The Bernafay Wood British Cemetery is a cemetery located in the Somme region of France commemorating British and Commonwealth soldiers who fought in the Battle of the Somme and against the German 1918 spring offensive in World War I. The cemetery contains mostly those who died between July 1916 and April 1917 and March–August 1918.

Location 
The cemetery is located near the village of Montauban-de-Picardie, approximately 10 kilometers east of the town of Albert, France. It is located on the D197 road approximately 2 kilometers south of the village of Longueval.

Fighting near Bernafay Wood 

On 1 July 1916, Montauban was captured by the British 30th and 18th Divisions. The heavily fortified Bois de Bernafay (Bernafay Wood) was taken by the 9th Scottish Division on 4 July 1916. Both the village and the wood were lost by the British in the German spring offensive of 1918, with the wood captured by the Germans in March–April 1918. However, the village was retaken by the 7th Buffs and 11th Royal Fusiliers of the 18th Division on 25 August and the wood by the 9th Scottish on the 27th.

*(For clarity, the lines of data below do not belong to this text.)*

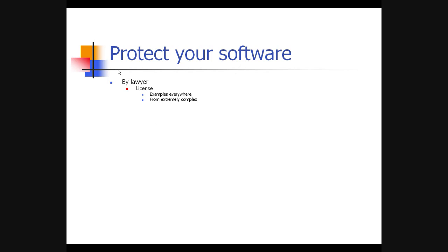Licenses range from extremely complex — look at some Microsoft licenses and if you're not a lawyer, you'll get a headache — to very simple. A few years back, Borland had a famous no-nonsense license that basically said: you have the right to use this software, you can copy it to another computer as long as you don't use it on two computers at the same time. You can have it at home and at work, as long as you're the only one using it. Basically, it said a software is like a book — you can lend it, but you can't read it at the same time as somebody else.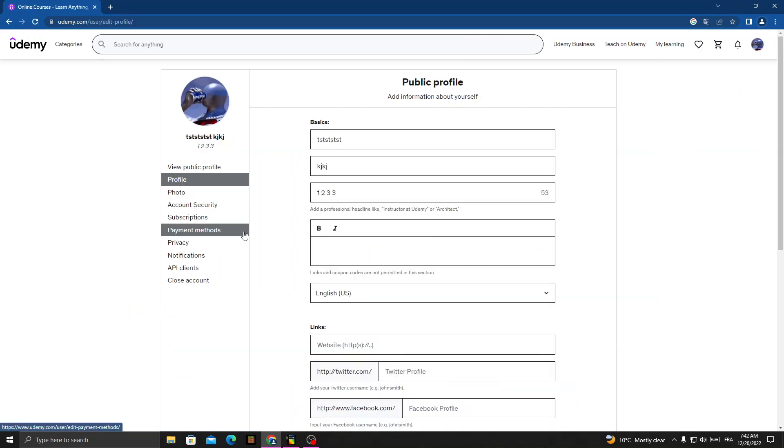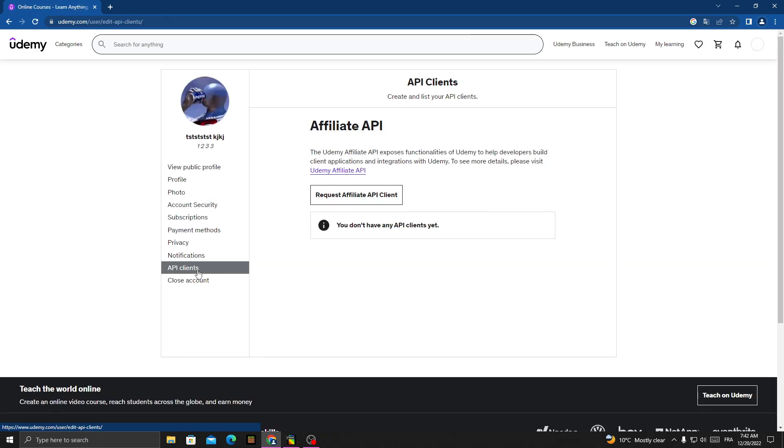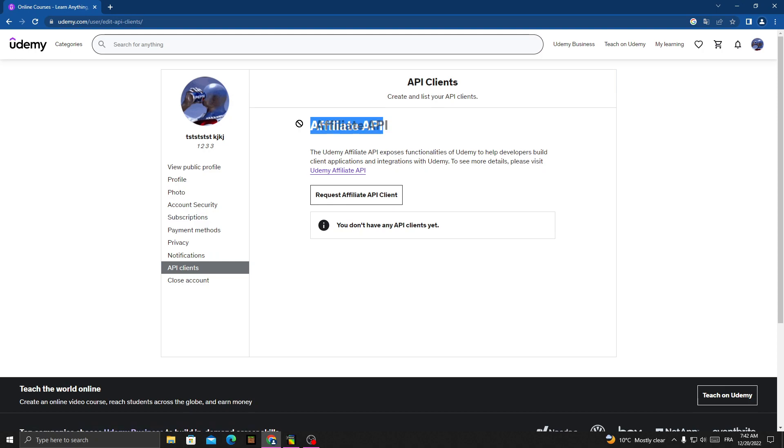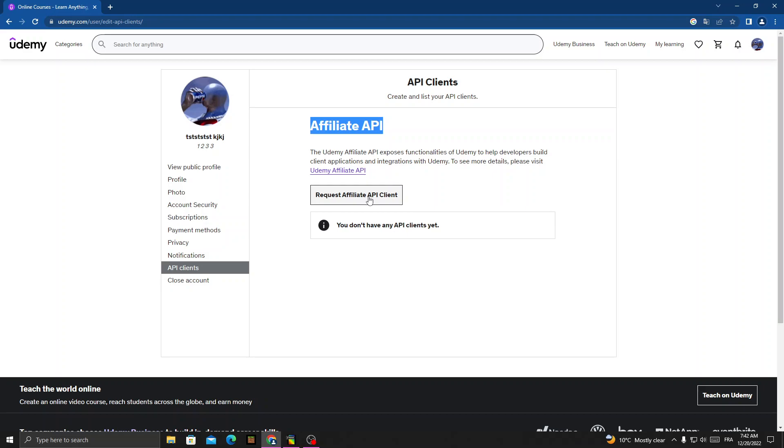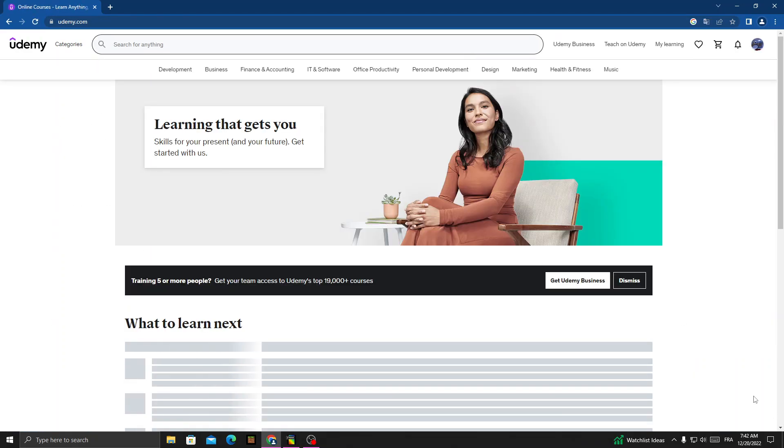Once you're here, click API clients. Here you'll find the affiliate API. You can manage anything you want here. You can request it if you want. That's it, just click on it.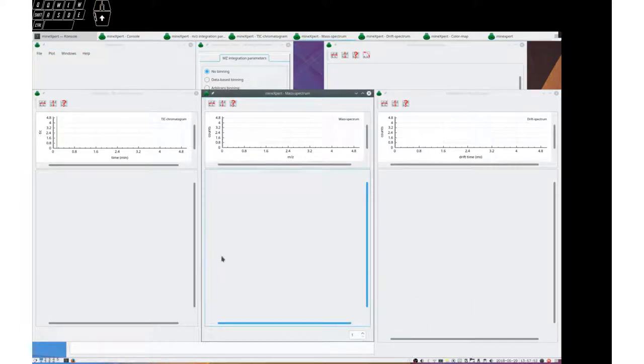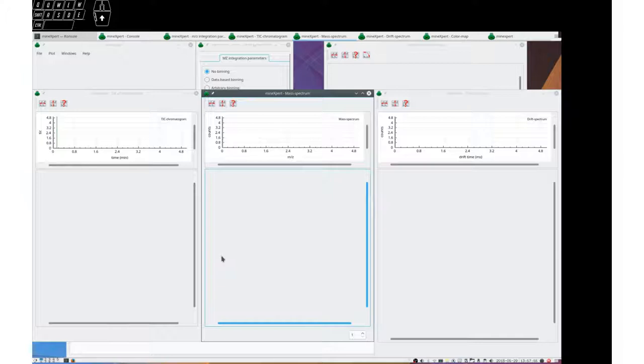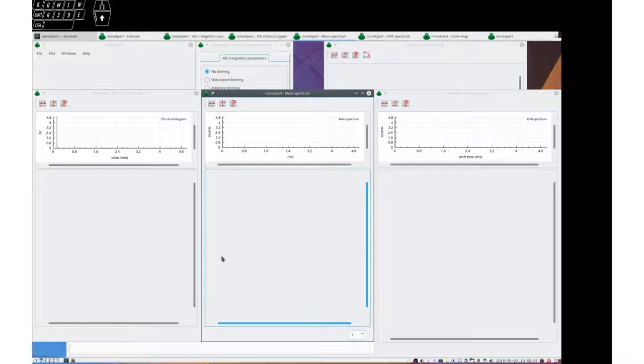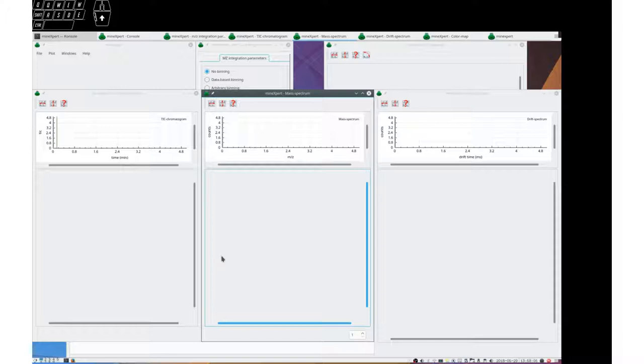Greetings everybody. This tutorial is about performing integrations, mass spectral data integrations, in the MindExpert program of the MS Expert Suite software environment.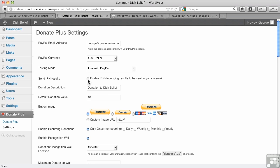You can also enable debugging for IPN, which is instant payment notification with PayPal. You can get debugging results sent to you via email, which is handy.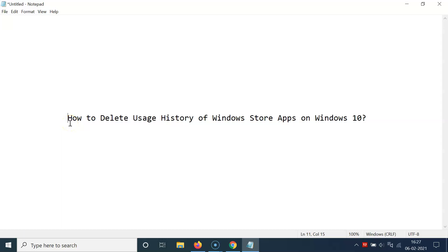Hi guys, in this video I will show you how to delete usage history of Windows Store apps on Windows 10.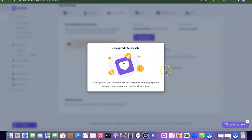That's basically how you can cancel your Sprocket account if you no longer want to use it. If you liked the video, please give it a thumbs up, and if you haven't subscribed to the channel yet, please subscribe for more videos like this. Thanks for watching — see you in the next one!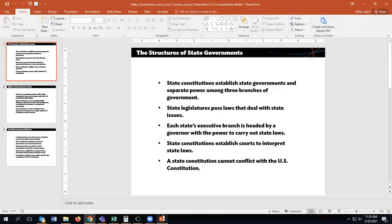Let's talk about state and local constitutions — the structures of state government. State constitutions establish state governments and separate power among the three branches of government. That sounds familiar, because our national government does that same thing between the legislative, the executive, and the judicial branches.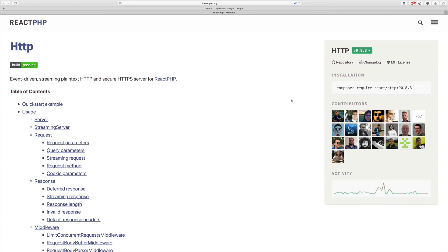With ReactPHP we can create our own web server in PHP. Making a server sounds really scary, right? With ReactPHP it turns out to be incredibly easy. This is one of those things that I really love about ReactPHP. In this tutorial we are going to create our own web server in PHP.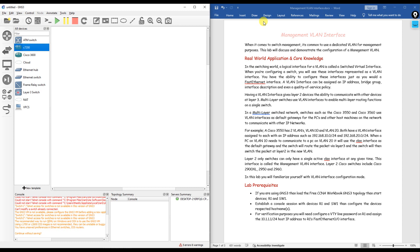Now let's get into the management VLAN interface and how we can configure it. First, what is the management VLAN? VLANs are used to divide the broadcast domain into multiple segments so that broadcast traffic can be minimized. A VLAN interface can be assigned an IP address, and that is known as the management VLAN. One key benefit is enhanced security — isolating management traffic adds an extra layer of security to your network.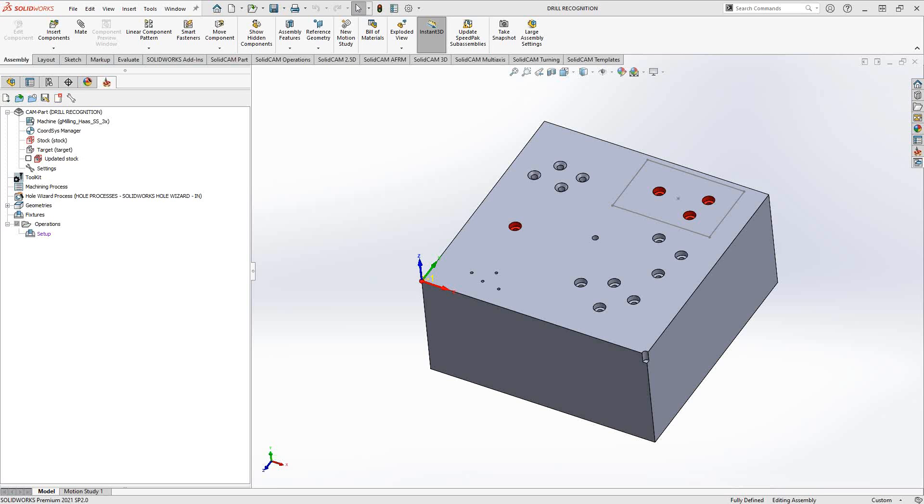Welcome to the Solarcam University channel. This video's topic is drilling versus drill recognition.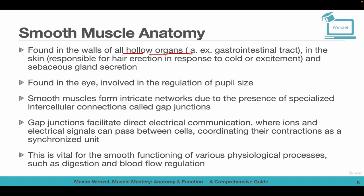In the eye, smooth muscle is involved in the regulation of pupil size. When more light enters, the pupil gets smaller, and when the pupil needs more light to see, the pupil size becomes wider. Smooth muscle also forms intrinsic networks.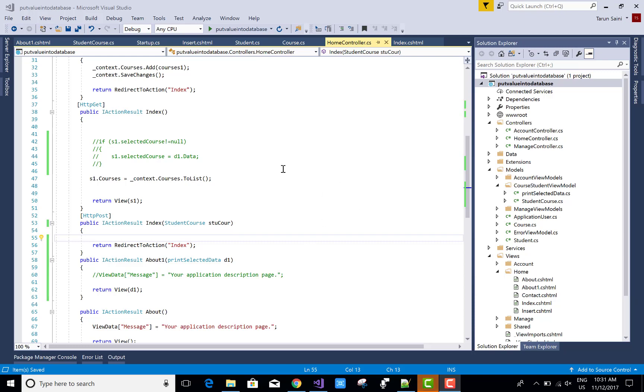Hello everyone, today I will show you how to print selected data of dropdown list on the same view looking like this.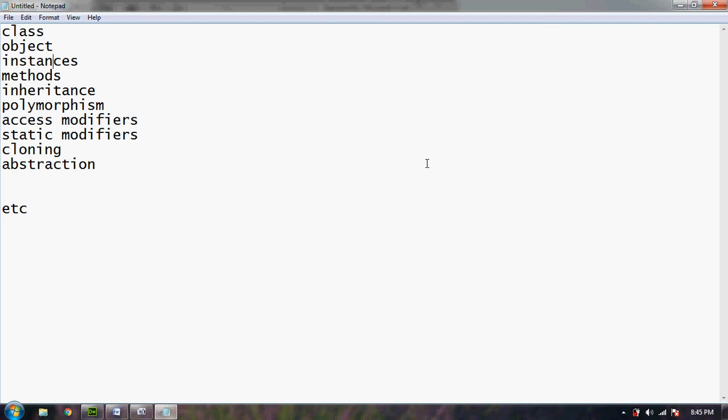Static modifiers. If you want to put some instances inside the class and you don't want that instances will be called with an object, we can call by the static modifiers.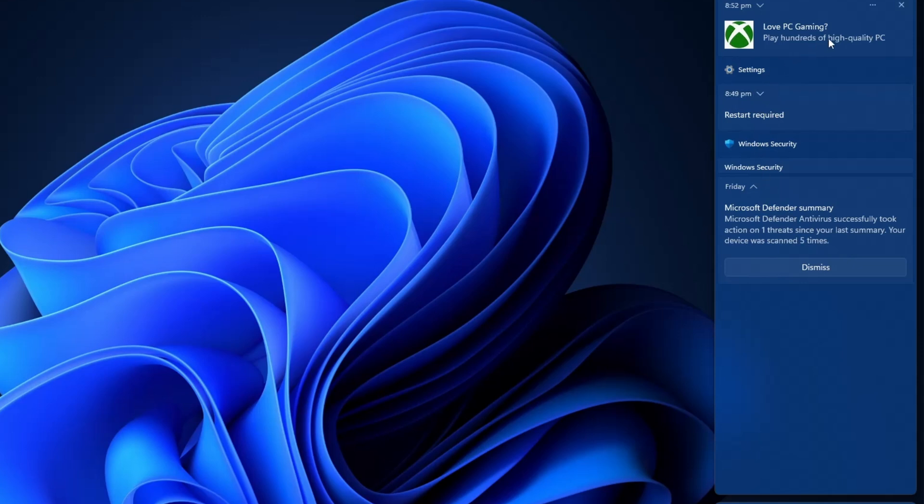Here, you will see any recent notifications that you may have missed or dismissed earlier.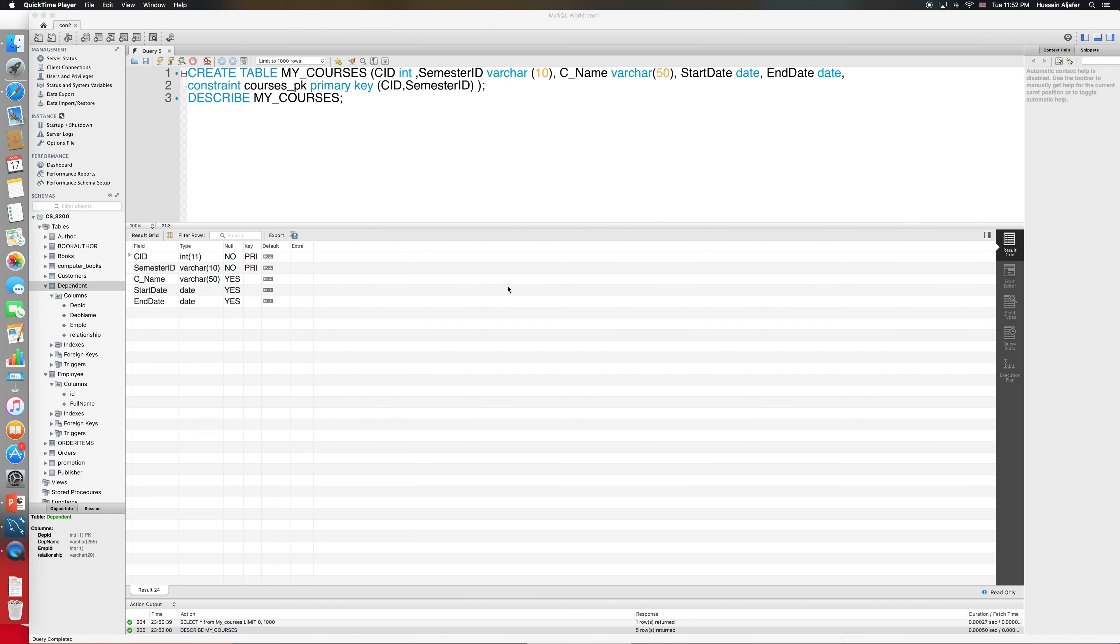The last constraint we want to cover is the check constraint. I went ahead and created the following table called my_courses. The table has course_id combined with semester_id as the primary key, as we can see right here.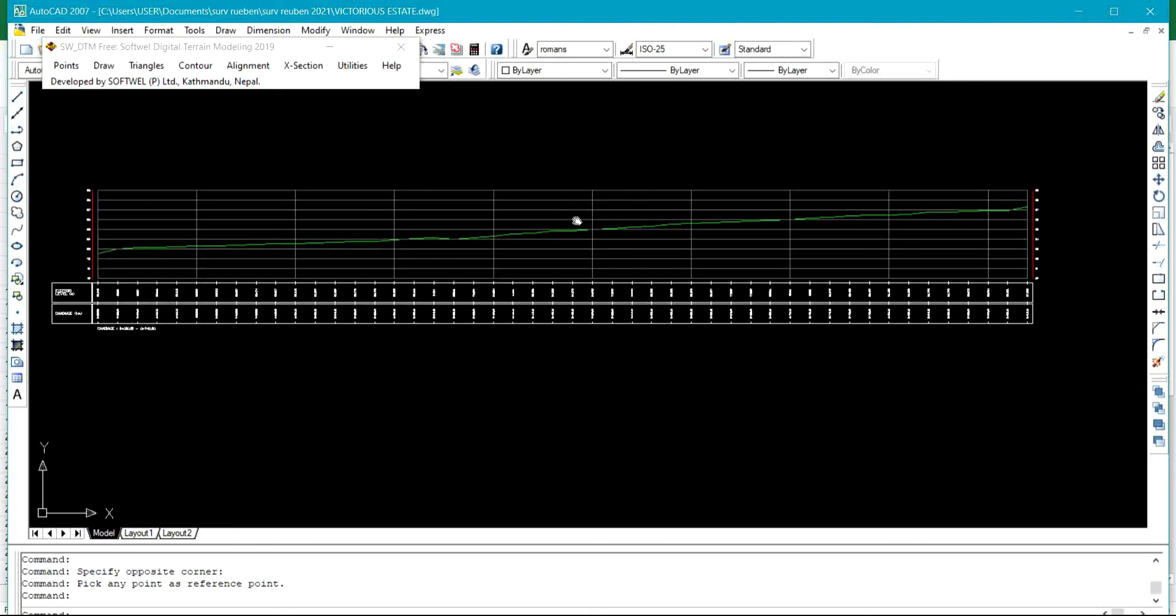That is how to use your SWT DTM with your AutoCAD 2017 to draw a profile. If you found this video helpful, do want to subscribe to my channel, comment on my video, like and share. Thank you.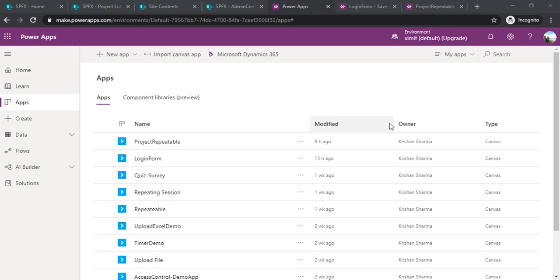There could be practical scenarios where you want to show some information for one set of users and would like to have admins view different information where they can manage some information as well.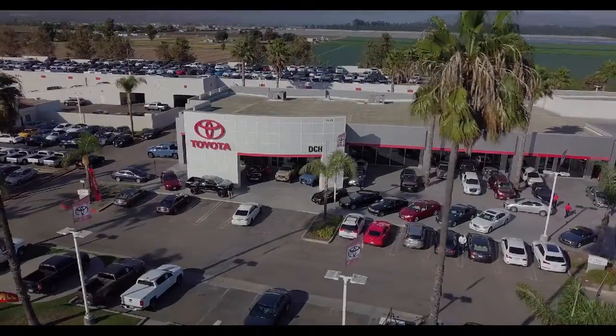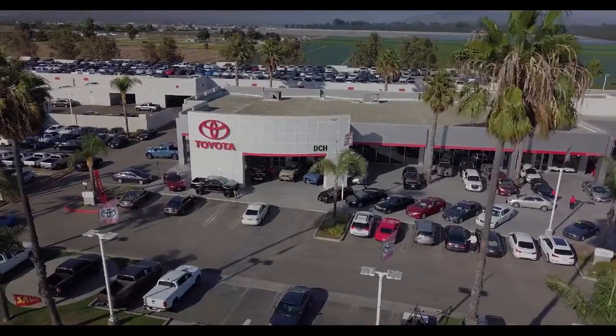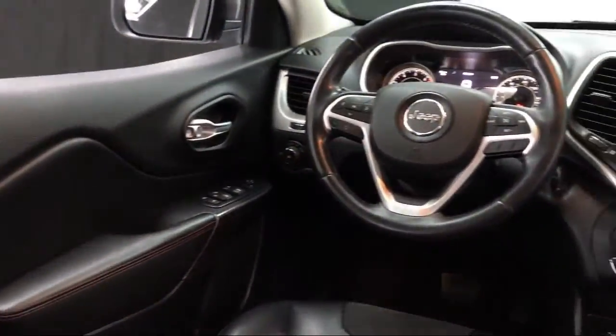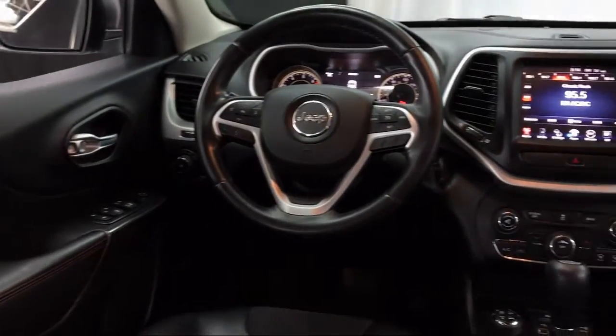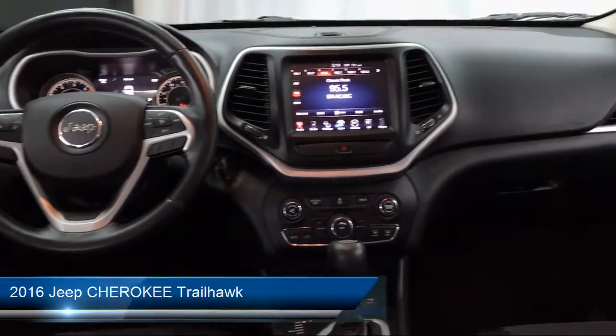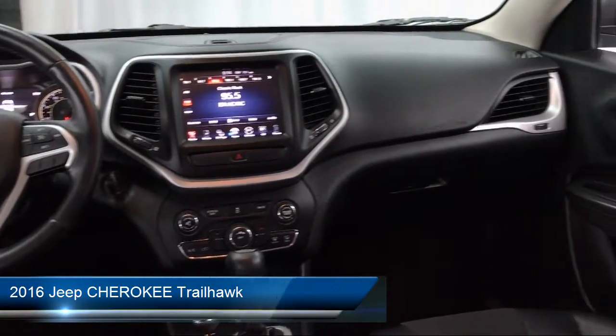Welcome to DCH Toyota Oxnard, your premier location for purchasing a vehicle. And here's a look at another one of our great vehicles in our inventory.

Establishment of the Cemetery 
The cemetery was formally begun by an area dressing station in August 1916, with casualties beginning to be buried on 8 July. It was used as a front line cemetery until April 1917. The modern day cemetery was designed by Sir Herbert Baker and Arthur James Scott Hutton.

Statistics 
At the end of the war, the cemetery contained a total of 284 burials. After the reinterment of casualties from the Bernafay Wood North Cemetery and battlefields to the east of the wood, the cemetery now contains a total of 945 burials, of which 529 are identified and 417 are unidentified. Special memorials are dedicated to 11 British soldiers believed to be buried among the unknown and 12 soldiers whose Bernafay Wood North Cemetery graves were destroyed by shell fire.